From: "Lazar, Lijo" <Lijo.Lazar@amd.com>
To: "Sharma, Shashank" <Shashank.Sharma@amd.com>,
	"amd-gfx@lists.freedesktop.org" <amd-gfx@lists.freedesktop.org>
Cc: "Deucher, Alexander" <Alexander.Deucher@amd.com>,
	"Somalapuram, Amaranath" <Amaranath.Somalapuram@amd.com>,
	"Koenig, Christian" <Christian.Koenig@amd.com>
Subject: RE: [PATCH 4/4] drm/amdgpu/nv: add navi GPU reset handler
Date: Fri, 4 Feb 2022 17:02:04 +0000	[thread overview]
Message-ID: <BYAPR12MB4614325D69EACA459547E4F597299@BYAPR12MB4614.namprd12.prod.outlook.com> (raw)
In-Reply-To: <8bada9e4-d6d5-e11a-45fe-aea7615f3356@amd.com>

[Public]

The problem is app doesn't know why the reset happened. It just receives a bunch of registers to be read.

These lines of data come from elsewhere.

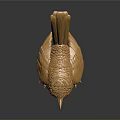 Golden Bird Decorative Figurine With Metallic Texture And Detailed Surface Design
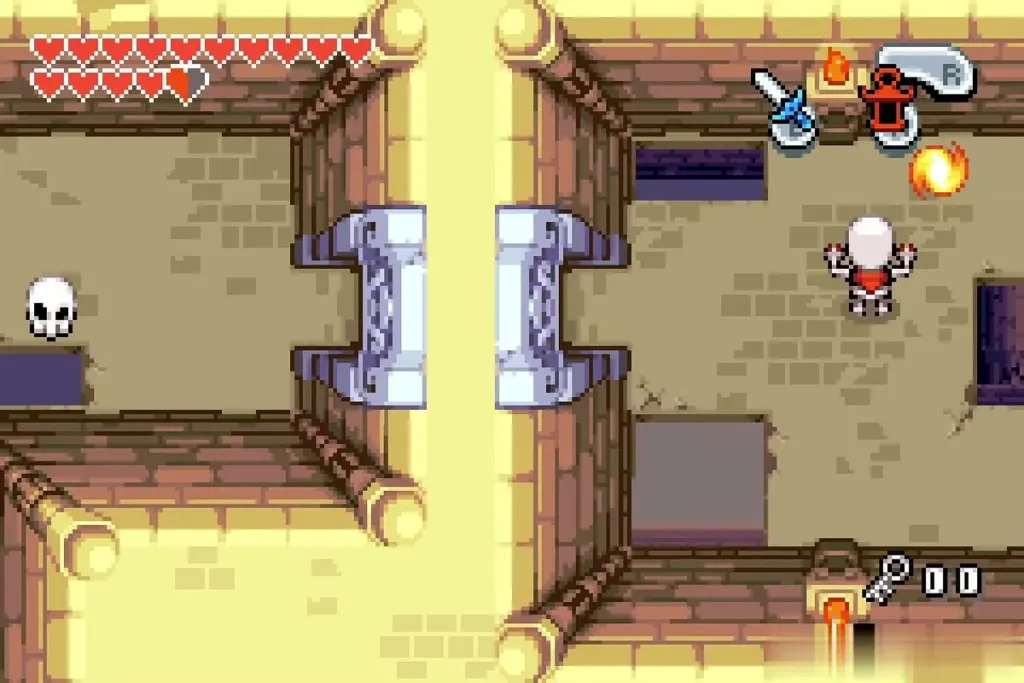 A Stalfos shooting a fireball in a corridor room A Stalfos shooting a fireball in a corridor room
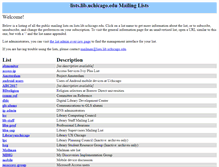 Tablet Screenshot of lists.lib.uchicago.edu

On what basis an app can filter this out?

Thanks,
Lijo

-----Original Message-----
From: Sharma, Shashank <Shashank.Sharma@amd.com> 
Sent: Friday, February 4, 2022 10:29 PM
To: Lazar, Lijo <Lijo.Lazar@amd.com>; amd-gfx@lists.freedesktop.org
Cc: Deucher, Alexander <Alexander.Deucher@amd.com>; Somalapuram, Amaranath <Amaranath.Somalapuram@amd.com>; Koenig, Christian <Christian.Koenig@amd.com>
Subject: Re: [PATCH 4/4] drm/amdgpu/nv: add navi GPU reset handler

On 2/4/2022 5:50 PM, Lazar, Lijo wrote:
> [AMD Official Use Only]
> 
> To explain more -
> 	It's an unconditional reset done by the kernel on every suspend (S3/S4). In such a case which process is going to receive the trace events?
> 
> Most likely use case would be related to gpu recovery. Triggering a trace on every reset doesn't look like a good idea.
>

If you observer carefully, we are just providing an infrastructure, the application's intention is unknown to us. In my opinion it's rather not a good idea to apply a filter in kernel, with our interpretation of intention.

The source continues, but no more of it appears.